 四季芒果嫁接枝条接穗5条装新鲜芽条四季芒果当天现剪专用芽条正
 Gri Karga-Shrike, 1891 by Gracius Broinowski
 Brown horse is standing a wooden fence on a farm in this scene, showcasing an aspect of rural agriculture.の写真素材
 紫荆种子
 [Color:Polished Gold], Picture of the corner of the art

==================================================

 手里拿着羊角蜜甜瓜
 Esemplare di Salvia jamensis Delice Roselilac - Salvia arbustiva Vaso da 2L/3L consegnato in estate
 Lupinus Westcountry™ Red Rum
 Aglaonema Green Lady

==================================================

_Exercise description_
When you reach the line in the material above that holds "Brown horse is", begin reproducing lines exactly, and stop after the line that holds "[Color:Polished Gold], Picture".

_Reply to the task_
 Brown horse is standing a wooden fence on a farm in this scene, showcasing an aspect of rural agriculture.の写真素材
 紫荆种子
 [Color:Polished Gold], Picture of the corner of the art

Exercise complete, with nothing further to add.